開店当初から掲げる「家族に食べてもらいたい食事」というお店のコンセプトの通り、材料を厳選し、手作りの料理やお菓子を提供し続けています。秦野へお出かけの際には、息の合うお二人が地元の秦野で営む「KAFE六月園」へ、ぜひお立ち寄りください。

INFORMATION

KAFE六月園

2011年6月に相模大野で創業し、2021年5月にオーナーご夫婦の出身地秦野市へ移転オープンされたお店です。季節限定メニューも含め7種類ほどのパンケーキは、相模大野店時代からの看板メニュー。15種もあるパスタも人気です。コーヒーは自家焙煎したスペシャリティーコーヒー豆を使用するこだわりよう。「家族に食べてもらいたい食事」というコンセプトの通り、材料を厳選して手作りする料理やお菓子が評判です。

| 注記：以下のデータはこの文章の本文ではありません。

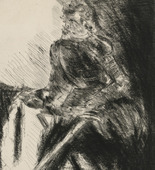 Lovis Corinth. Rudolf Rittner as Florian Geyer (Rudolf Rittner als Florian Geyer) for the portfolio Compositions (Kompositionen). (1921-22)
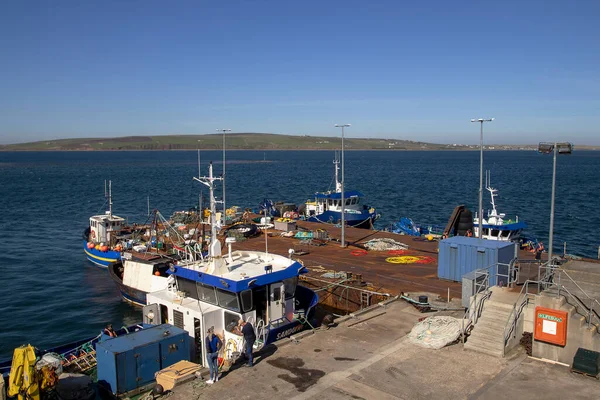 Hamnen Vid Margaret Hope Orkney Skottland Storbritannien — Stockfoto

スイーツ系から食事系まで充実。18種類ものパンケーキが味わえる専門店「Breeze Cafe」

秦野駅北口から歩いて5分ほど。水無川を渡った先の飲食店街にあるのが、パンケーキ専門店「Breeze Cafe(ブリーズカフェ)」です。フルーツや生クリームを使ったスイーツ系からお肉やサラダと一緒に提供する「食事系」まで、豊富な種類のパンケーキが楽しめるお店として、地元の女性を中心に支持されています。

木の質感をいかしたナチュラルでお洒落な店内。白い壁に様々な観葉植物がハンギングされ、店名の通り、爽やかなそよ風(breeze)が吹き抜けるようです。

オーダーしたお客さまが必ず笑顔になると言われるのが、「フルーツミックスパンケーキ」です。厚みのある二段重ねのパンケーキの周りには、苺やキウイ、バナナなど(仕入れの状況により内容は変わることもあるそうです)、色とりどりのフルーツがふんだんに散りばめられており、思わず気分が上がります。味わいを生かすためにエスプーマ(食材をムース状にする調理器具)でふんわり柔らかく仕上げられたホイップクリームは、甘さ控えめです。

スイーツ系のパンケーキは定番となる10種類ほどを提供。旬のフルーツを使ったもの、桜や秋の実りの豊かさなど季節感を表現したもの、クリスマスバージョンなどの期間限定メニューも登場し、楽しみにされているお客さまも多いようです。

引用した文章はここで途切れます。